» **What is required**:
Somewhere below, one line contains "Sommerhus - 8" and a later line contains "Sliwowitz Bossev Pflaumenbrand". Output those two lines and everything between them exactly, and nothing else.

» **Input data**:
- - - - -

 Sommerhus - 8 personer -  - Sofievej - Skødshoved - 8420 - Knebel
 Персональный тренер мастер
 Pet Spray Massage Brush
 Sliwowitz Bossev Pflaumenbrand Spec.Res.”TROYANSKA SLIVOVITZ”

- - - - -

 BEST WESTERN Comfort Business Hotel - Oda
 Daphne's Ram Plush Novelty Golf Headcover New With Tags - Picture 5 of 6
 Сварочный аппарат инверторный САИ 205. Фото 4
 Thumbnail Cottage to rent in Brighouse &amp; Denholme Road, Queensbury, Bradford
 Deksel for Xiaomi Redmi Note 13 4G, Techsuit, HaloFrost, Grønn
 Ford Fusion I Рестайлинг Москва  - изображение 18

- - - - -

» **Answer section**:
 Sommerhus - 8 personer -  - Sofievej - Skødshoved - 8420 - Knebel
 Персональный тренер мастер
 Pet Spray Massage Brush
 Sliwowitz Bossev Pflaumenbrand Spec.Res.”TROYANSKA SLIVOVITZ”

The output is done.